Re: [PATCH v3 03/10] trailer: unify trailer formatting machinery

Linus Arver <linusa@xxxxxxxxxx> · Wed, 31 Jan 2024 16:46:03 -0800

Junio C Hamano <gitster@xxxxxxxxx> writes:

> Junio C Hamano <gitster@xxxxxxxxx> writes:
>
>>> +				if (opts->unfold)
>>> +					unfold_value(&val);
>>
>> So, ... how would this affect an invocation of
>>
>>     $ git interpret-trailers --unfold
>>
>> which would have set opts.unfold to true in cmd_interpret_trailers()
>> and eventually called process_trailers() with it, which eventually
>> called print_all(), which conditionally called print_tok_val() but
>> never gave the val to unfold_value()?
>>
>>  ... goes and digs a bit more ...
>>
>> Ahhhh, original process_trailers() did this by calling
>> parse_trailers() that munged the value.  So its print_all()
>> codepath only had to print what has already been munged.
>>
>> But then in this new code, do we unfold only here?  I thought that
>> in the new code you moved around, the caller, whose name is now
>> interpret_trailers(), still calls parse_trailers() and that calls
>> the unfold_value().  So, are we doing redundant work that may merely
>> be unneeded (if we are lucky) or could be harmful (if things, other
>> than the unfold thing I just noticed, that are done both in
>> parse_trailers() and this function are not idempotent)?
>
> I was too confused by the code flow and resorted to tracing what
> happens when "git interpret-trailers --unfold" is run in a way
> similar to how t7513 does in gdb.  Shame shame.

In my larger series I've made the parser and formater much simpler
(removing nesting, calling helper functions, _only parsing once and only
once_, etc) to make both parsing and formatting much easier to
understand.

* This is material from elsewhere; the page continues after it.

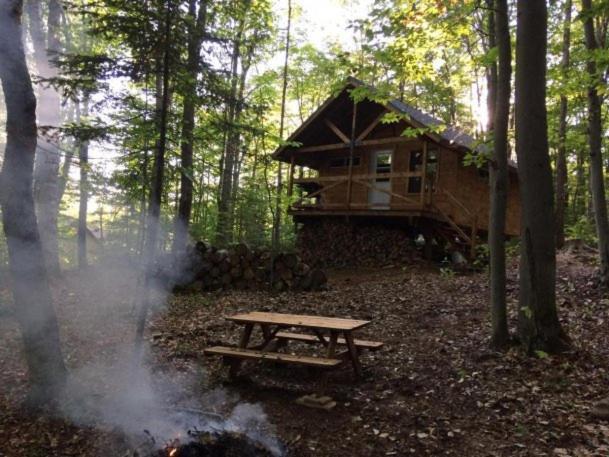 Les Cabines Nordik 2.0 Shawinigan Εξωτερικό φωτογραφία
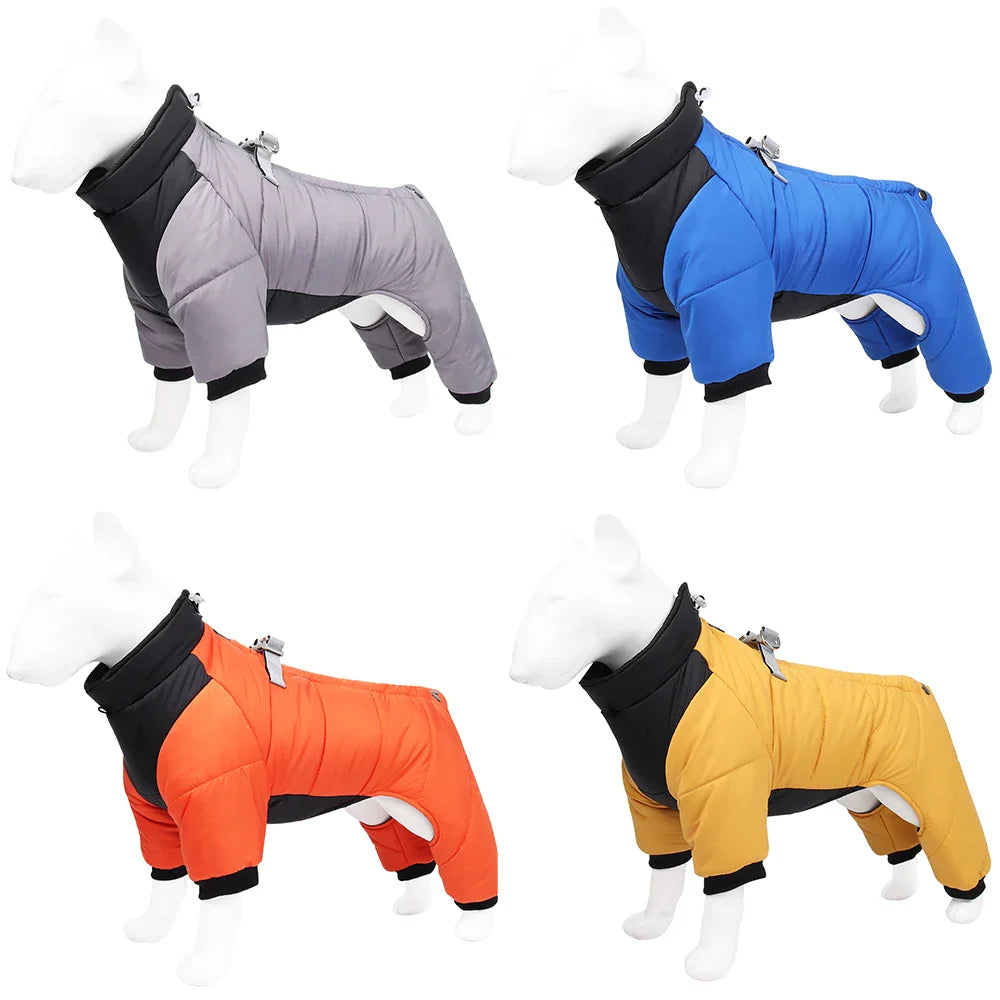 ❄️🐕 Winter Dog Jacket – Warm & Waterproof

While I am biased as the author of these refactors, I do
think they make the code simpler.

> In any case, the updated code does try to call unfold_value() in
> format_trailers() on "val" that has already been unfolded in
> parse_trailers().

Correct. But this was already the case before this series. IOW the
existing code assumes that this function is idempotent: we call
unfold_value() in parse_trailers() and again in format_trailer_info().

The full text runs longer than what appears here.